Diff below enables the NET_LOCK(), again.
What's new?
- The lock ordering problem with fdplock() should now be fixed. It is
also documented, fdplock() should be taken first if both locks are
needed.
- Page faults involving NFS, or any other code path already holding the
NET_LOCK(), have been fixed. The recursion is similar to the existing
vnode problem, so I simply added a hack there.
- I added some NET_ASSERT_UNLOCKED() to help finding other possible
deadlocks.
Please test it as before and report any problem back to me.
Martin
diff --git sys/kern/kern_rwlock.c sys/kern/kern_rwlock.c
index bdaee0c1ae7..9182b42706a 100644
--- sys/kern/kern_rwlock.c
+++ sys/kern/kern_rwlock.c
@@ -195,6 +195,9 @@ retry:
unsigned long set = o | op->wait_set;
int do_sleep;
+ if (panicstr)
+ return (0);
+
rw_enter_diag(rwl, flags);
if (flags & RW_NOSLEEP)
@@ -205,7 +208,7 @@ retry:
sleep_setup_signal(&sls, op->wait_prio | PCATCH);
do_sleep = !rw_cas(&rwl->rwl_owner, o, set);
-
+ NET_ASSERT_UNLOCKED();
sleep_finish(&sls, do_sleep);
if ((flags & RW_INTR) &&
(error = sleep_finish_signal(&sls)) != 0)

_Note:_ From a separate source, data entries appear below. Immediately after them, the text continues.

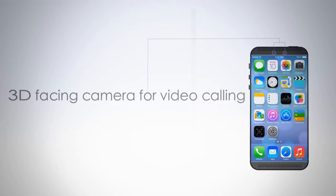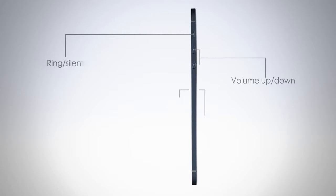A 3D facing camera for video calling. Now the iPhone is much thinner.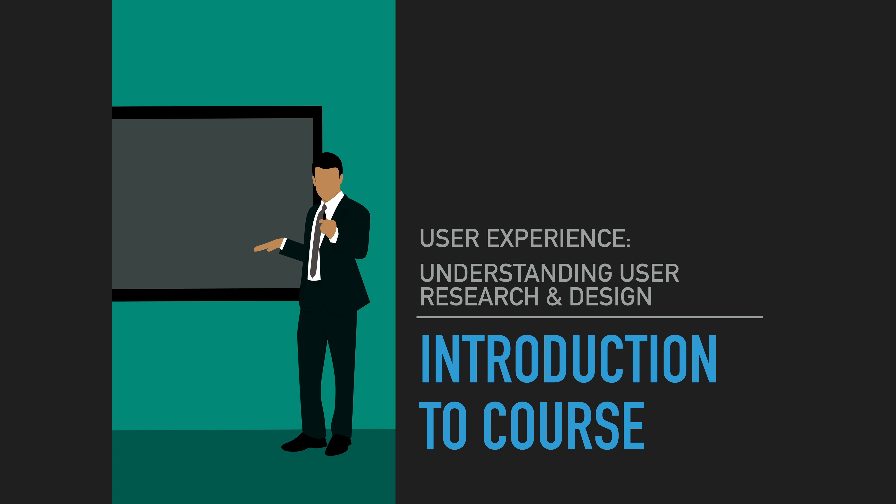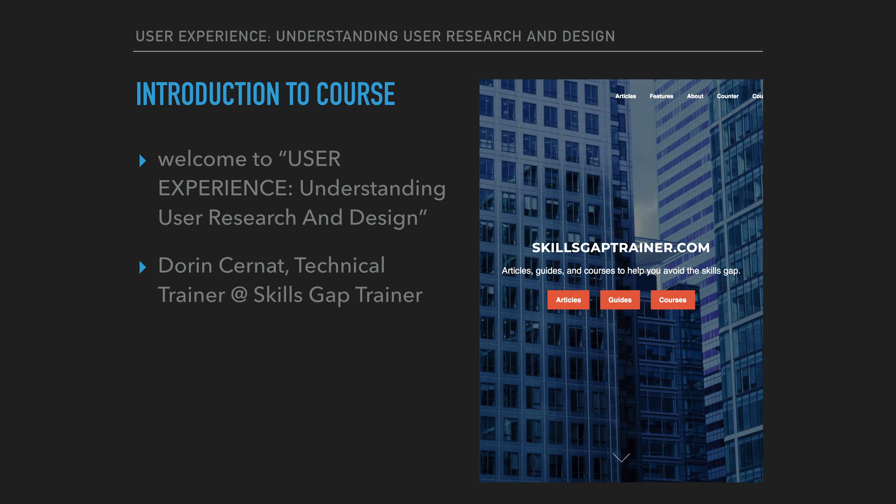Hello, and welcome to User Experience: Understanding User Research and Design. I'm Doran Cernat, and I'm a technical trainer at Skills Gap Trainer Communications.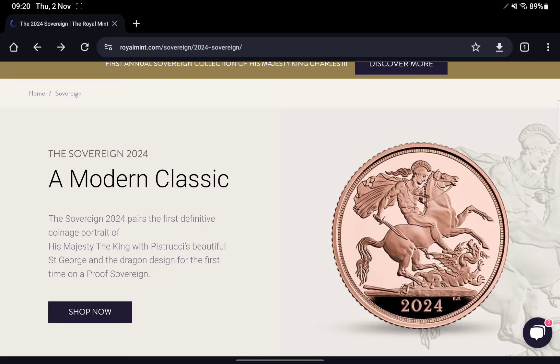Yesterday I put my thoughts around what the 2024 Sovereign might look like from a design, mintage, and price point of view. But I've just received an email from the Royal Mint saying that the 2024 Sovereign is now available, which is a bit of a shock.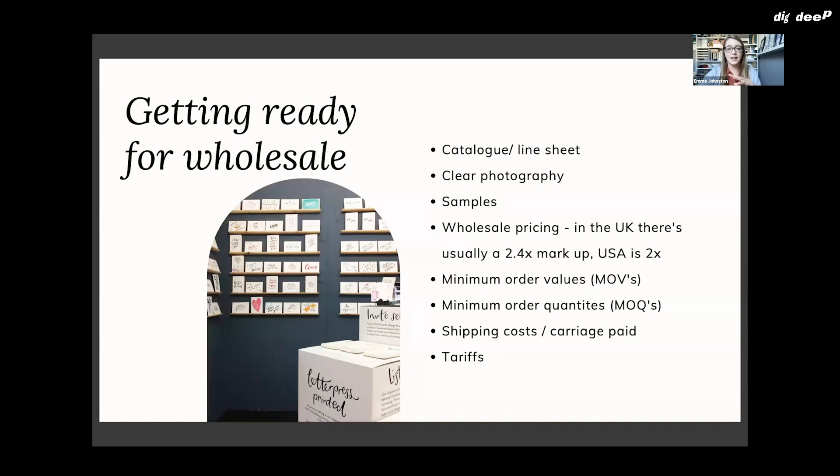You want to have samples and price that into your business model — you should be able to afford to send out samples for free and write off that cost. You also want your wholesale pricing right. In the UK, there's usually a markup of 2.4x, so if your wholesale price is £1, your retail price would be £2.40. In the USA it's typically 2x, but around two is a good markup. That margin is what your wholesale customers need for their business to function and for them to make money in the process.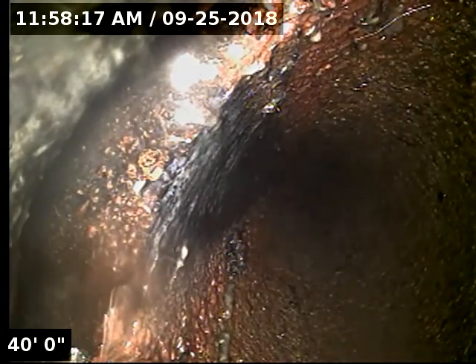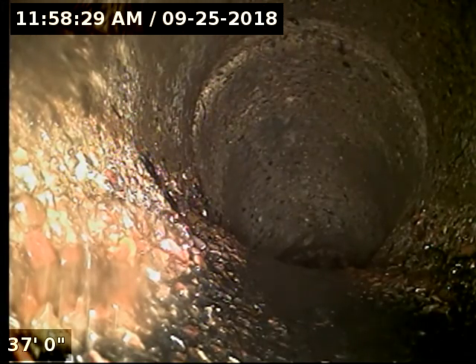Here we've got separation in the line. You can see on the left-hand side — we're actually looking at the edge of pipe. Again, another section: you can see on the top right-hand side separation beginning.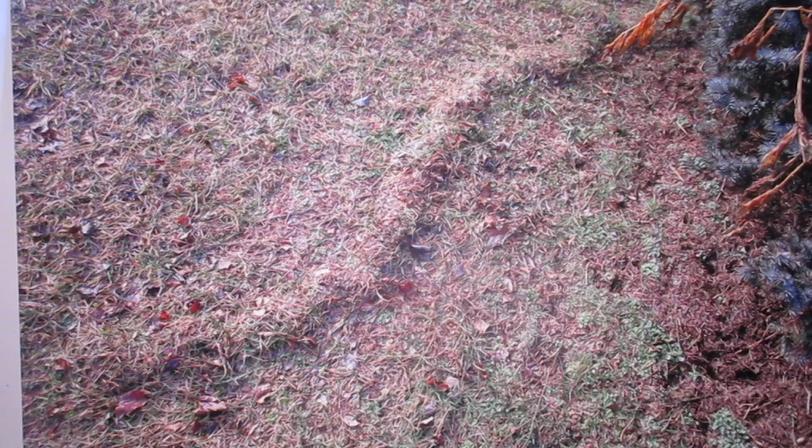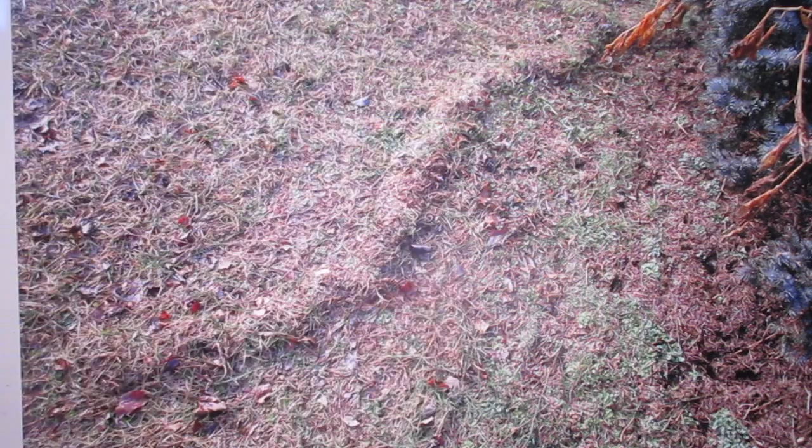Here you see a dramatic case of what I call a mole tunnel. The mole was below the ground here, pushing it up. And when there is snow, apparently it melts sooner here than it melts there — maybe for a variety of reasons. One could be the sun, because there is partial shadow here. And there could also be a reason that sometimes the soil below the grass comes to the surface.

diff --git sys/kern/kern_synch.c sys/kern/kern_synch.c
index beeefe06458..93468c276b3 100644
--- sys/kern/kern_synch.c
+++ sys/kern/kern_synch.c
@@ -111,6 +111,7 @@ tsleep(const volatile void *ident, int priority, const char
*wmesg, int timo)
int hold_count;
#endif
+ NET_ASSERT_UNLOCKED();
KASSERT((priority & ~(PRIMASK | PCATCH)) == 0);
#ifdef MULTIPROCESSOR
@@ -170,6 +171,7 @@ msleep(const volatile void *ident, struct mutex *mtx, int
priority,
int hold_count;
#endif
+ NET_ASSERT_UNLOCKED();
KASSERT((priority & ~(PRIMASK | PCATCH | PNORELOCK)) == 0);
KASSERT(mtx != NULL);
diff --git sys/kern/uipc_socket.c sys/kern/uipc_socket.c
index 245210e594a..f7c199bf747 100644
--- sys/kern/uipc_socket.c
+++ sys/kern/uipc_socket.c
@@ -256,7 +256,7 @@ soclose(struct socket *so)
(so->so_state & SS_NBIO))
goto drop;
while (so->so_state & SS_ISCONNECTED) {
- error = tsleep(&so->so_timeo,
+ error = rwsleep(&so->so_timeo, &netlock,
PSOCK | PCATCH, "netcls",
so->so_linger * hz);
if (error)
@@ -615,7 +615,7 @@ sbsync(struct sockbuf *sb, struct mbuf *nextrecord)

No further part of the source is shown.